From Waterford to China

Over the garden fence May 20th 2023

This week we welcome a visit from the International Society of Wallpaper hosted by Mr David Skinner

Between 1966 and 1969, Ambrose Congreve remodelled part of the 18th-century section of the house, including the Large Drawing room.

A unique aspect of Mount Congreve is how the Asiatic theme of the gardens is reflected throughout the House.

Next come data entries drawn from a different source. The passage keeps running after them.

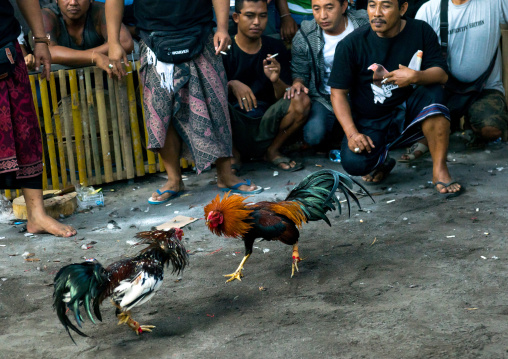 Cockfighting In A Temple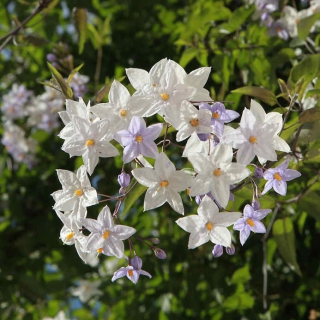 solanum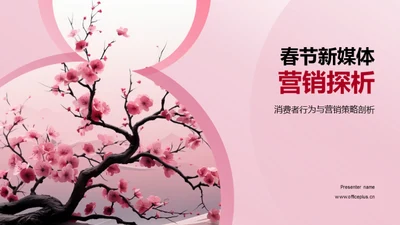 春节新媒体营销探析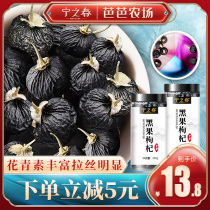Black wolfberry 250g Qinghai specialty non Ningxia black dog several dry goods non-grade wild wolfberry tea male kidney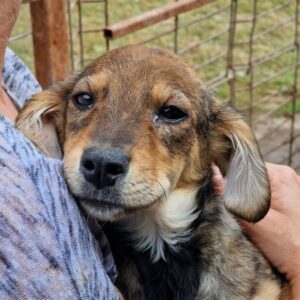 MIKASI - auf PDR PS im PLZ Bezirk 24 - vermittelt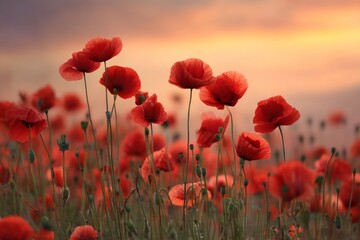 Fototapeta premium Red Poppies Field at Sunset
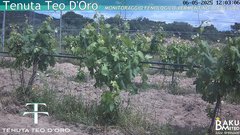 view from Teodoro on 2025-05-06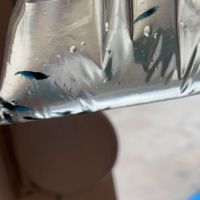 Neocaridina blue velvet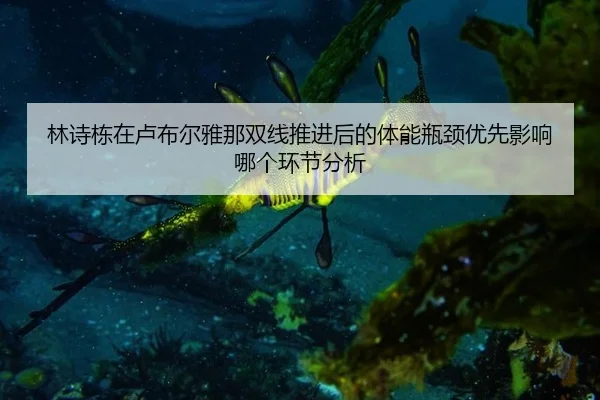lin-shi-dong-zai-lu-bu-er-ya-na-shuang-xian-tui-jin-hou-de-ti-neng-ping-jing-you-xian-ying-xiang-na-ge-huan-jie-fen-xi-2-123.jpg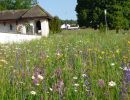 projekt biodiversitaet beim friedhof projekt biodiversitaet beim friedhof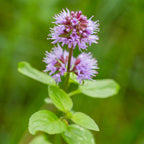 Watermunt 100 planten
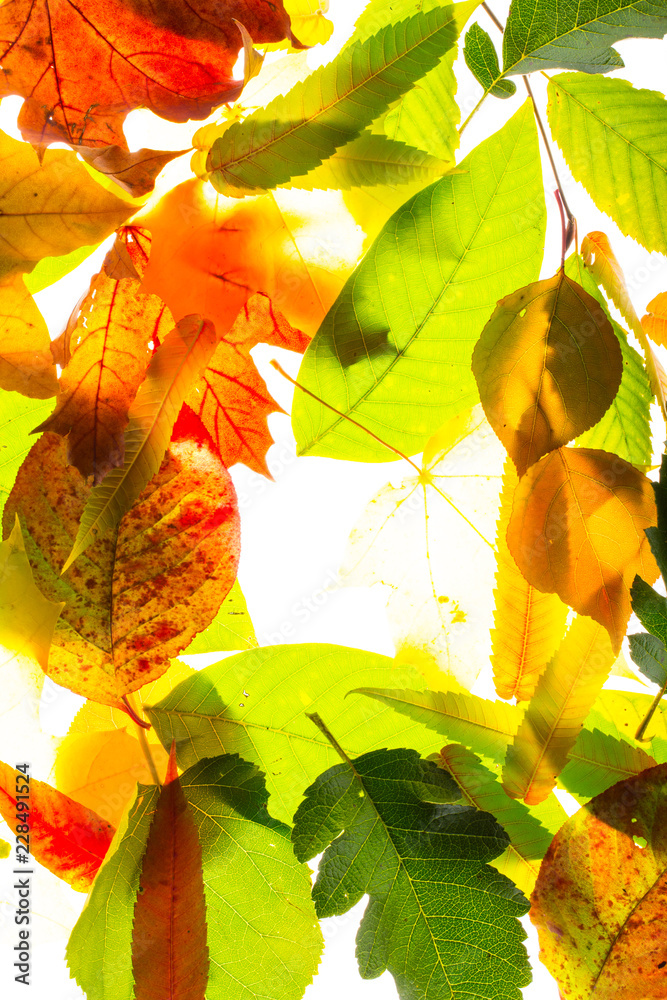 Obraz premium tree leaf nature background autumn bright colors 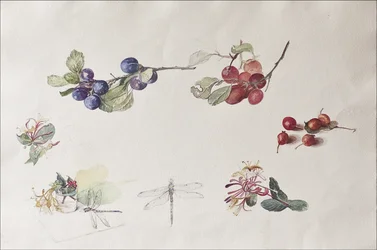 Frutti e Fiori d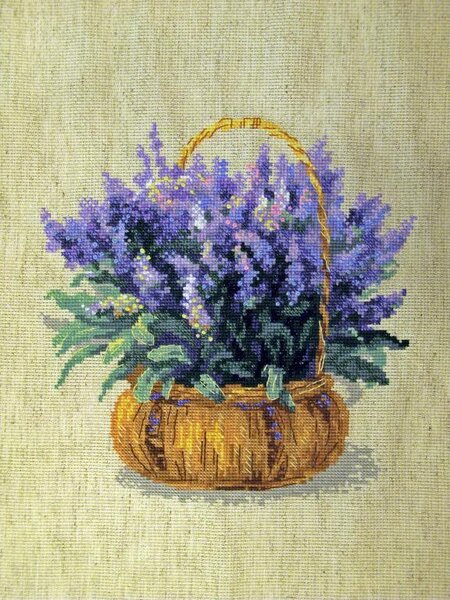 Французская лаванда "Риолис"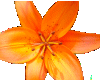 Med Orange Lily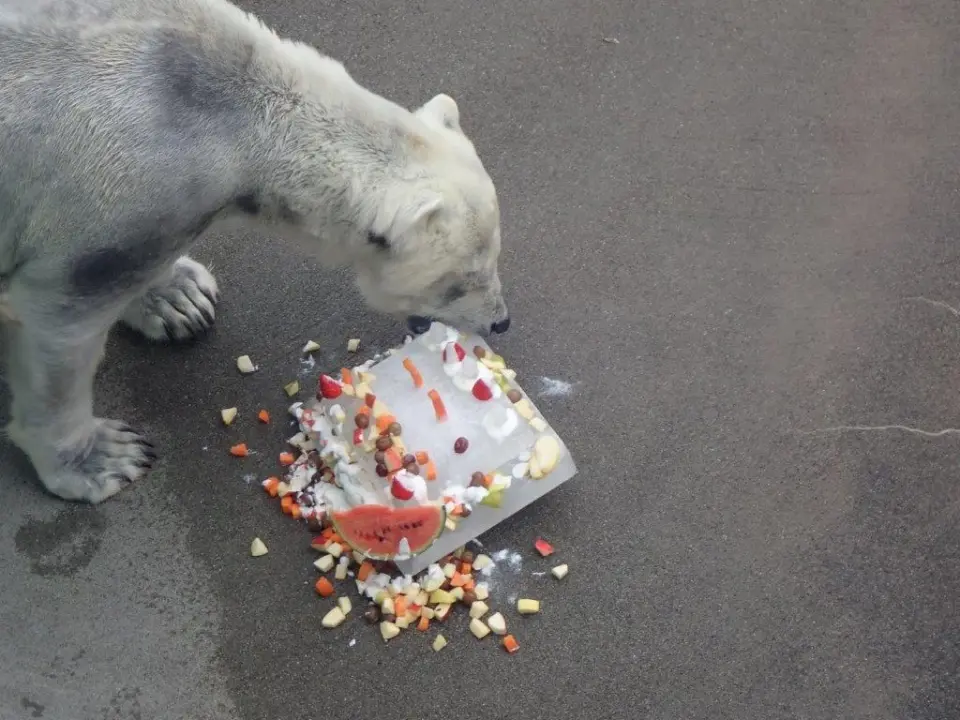 ケーキを食べるポロロ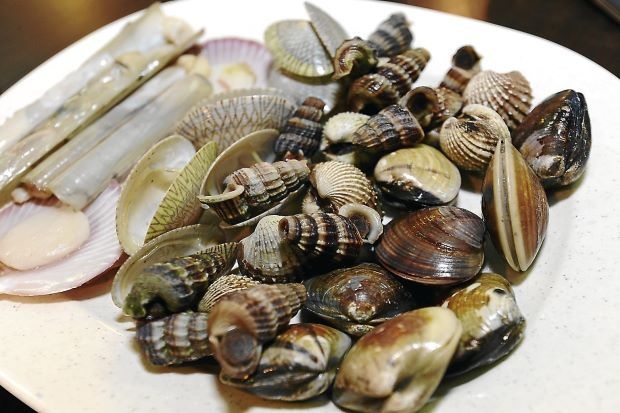 கிளிஞ்சல்கள் உண்பதை தவிர்க்குமாறு ஆலோசனை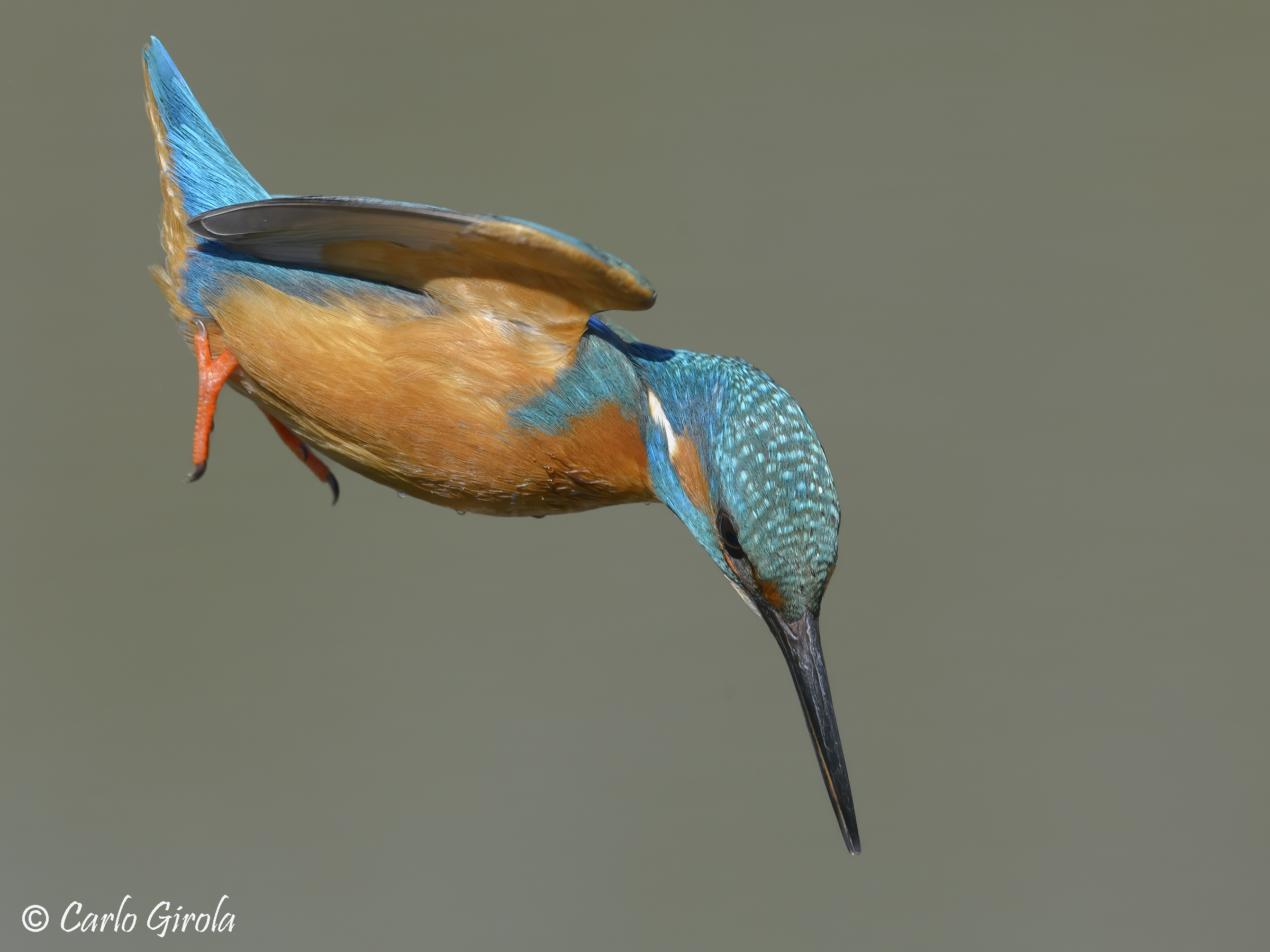 Kingfisher (Alcedo atthis)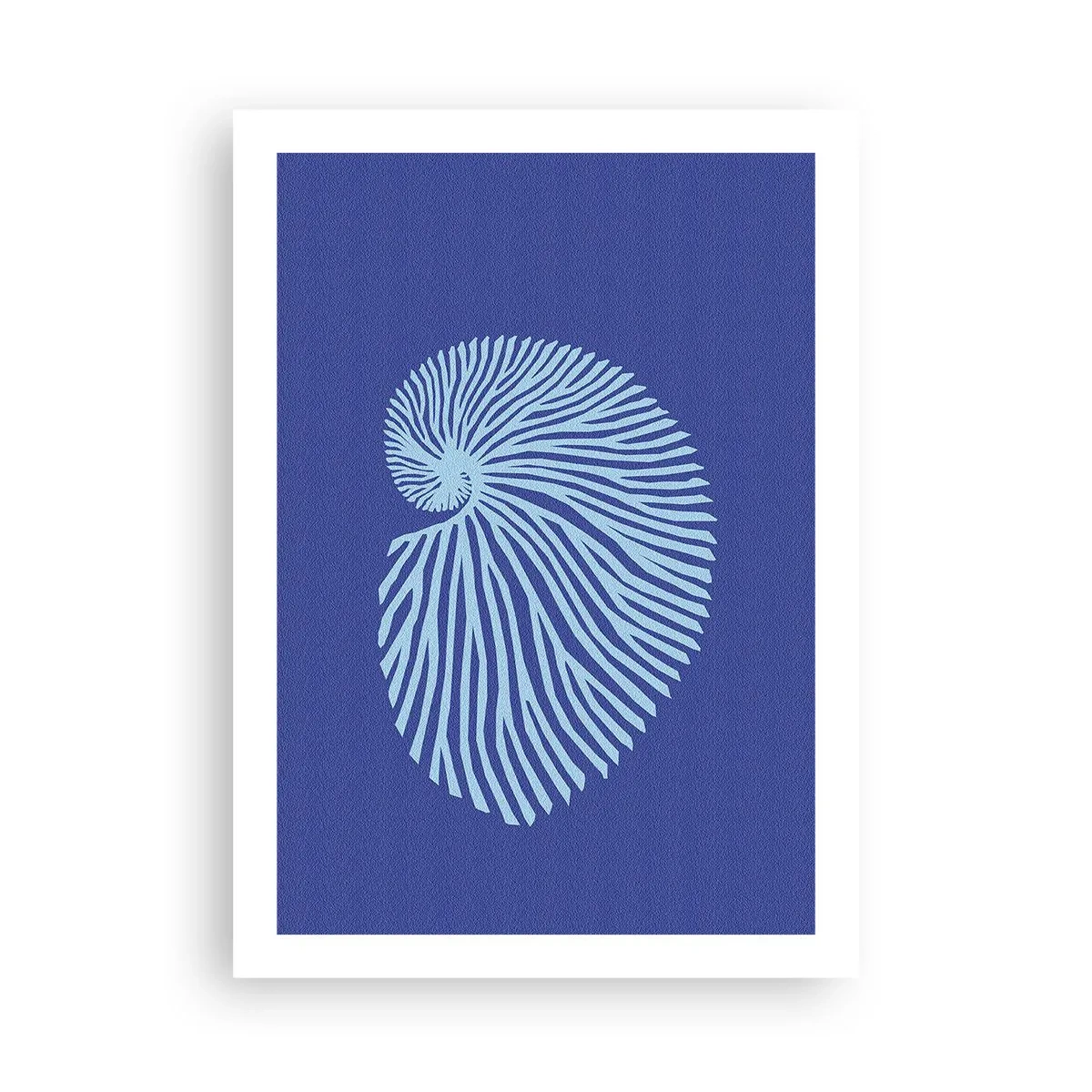 Poster - Stilisierte Muschelgrafiken in spiralförmiger Anordnung - 50x70cm - Geburt der Muschel - Moderne Wanddekoration für Wohnzimmer und Schlafzimmer ARTTOR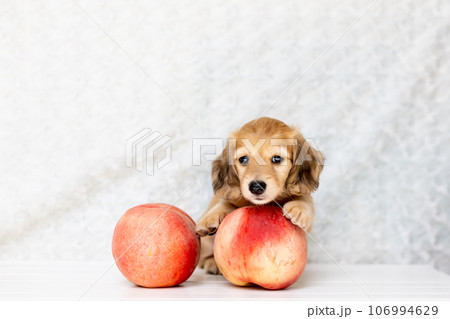 仔犬　カニンヘンダックスフンド 106994629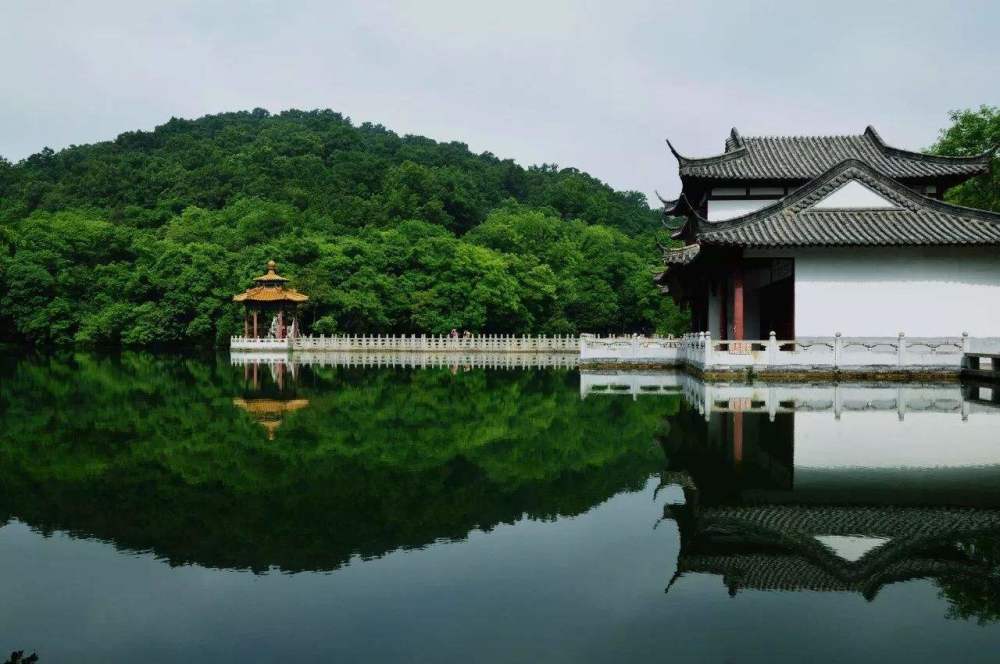 上半年合肥gdp_2021年合肥GDP增速亮眼位居万亿俱乐部榜眼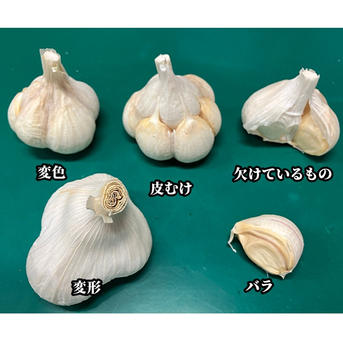 青森県産ホワイト六片種にんにく 1kg 家庭用 不揃い品 ｜ 野菜
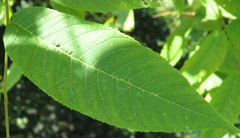 Juglans nigra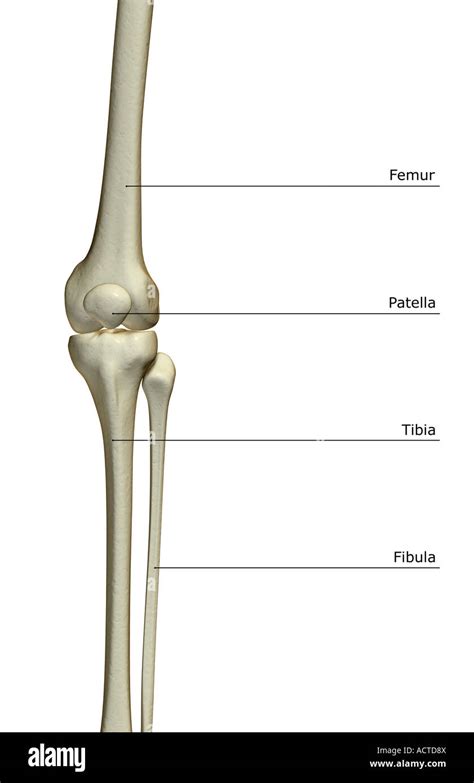 The Bones Of The Knee Stock Photo Alamy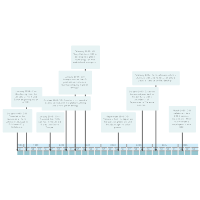 Company Timeline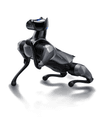 Robot chien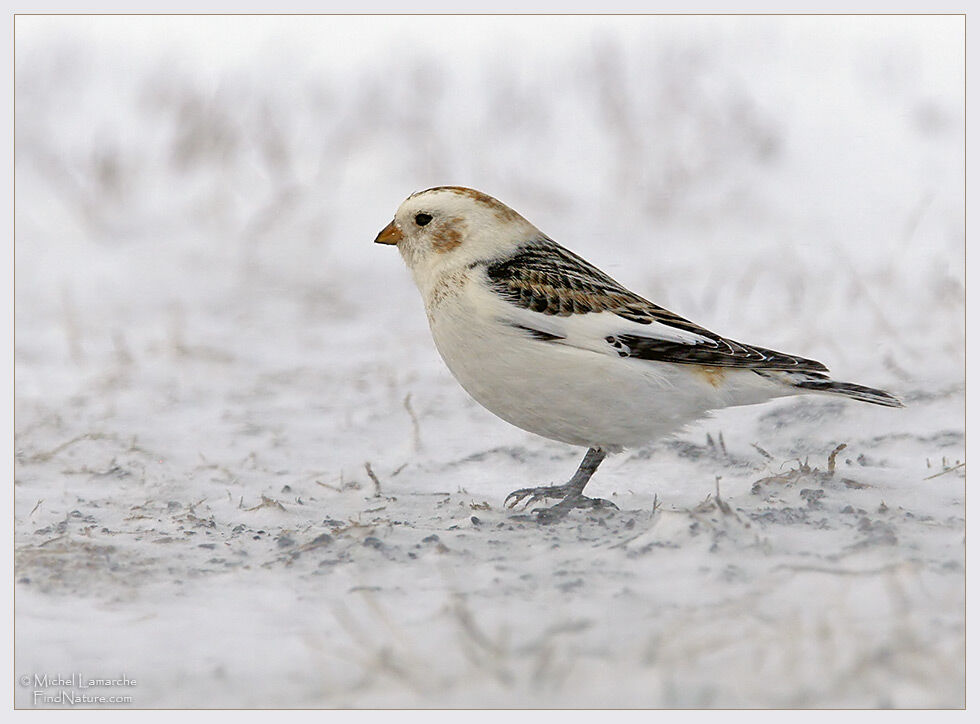 Bruant des neiges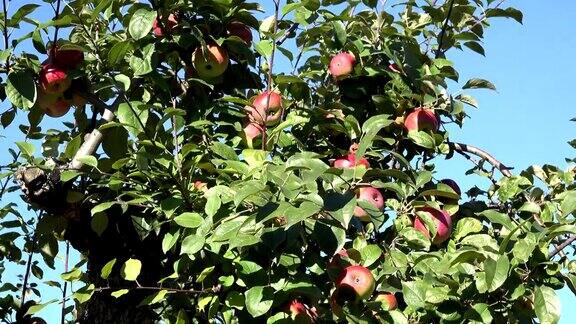 秋天花园里的树上结满了成熟的鲜红苹果FullHD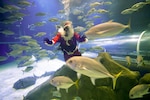 Papá Noel se da un chapuzón entre tiburones en Río de Janeiro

The finer details From the middle of the 18th century high-value sets of wallpapers were produced in China for export to the homes of Europe’s wealthy classes. Produced in specialist workshops, principally in and around Canton/Guangzhou, Chinese wallpapers have long since been prized for the beauty of their design and colouring, the high level of draughtsmanship and painting employed, and the accuracy with which flora and fauna are depicted. Photographs of the Mount Congreve wallpaper were sent to Emile de Bruijn, author of ‘Chinese Wallpaper in Britain and Ireland’ (Philip Wilson Publishers/National Trust 2017), the leading authority on Chinese wallpapers. Describing the wallpaper as “extraordinary!” Emile identifies the Mount Congreve wallpaper as belonging to the rare category of Chinese ‘print room’ sets which were produced in the 1780s, and of which a small number of examples survive in Europe.Emilie suggested that the wallpaper is of very high, international significance for the following reasons:

  • Not many examples of this type of wallpaper survive
  • The colours are in near-original condition, providing a rare insight into the originally intended effect of such wallpapers
  • It is evidence of the close interaction between the producers and the European markets, the former responding to the tastes of the latter
  • It refers to an important Chinese agricultural treatise and reflects aspects of the prevalent imperial ideology (harmony, productivity, etc.)
  • The technical and artistic skill of the painting is high.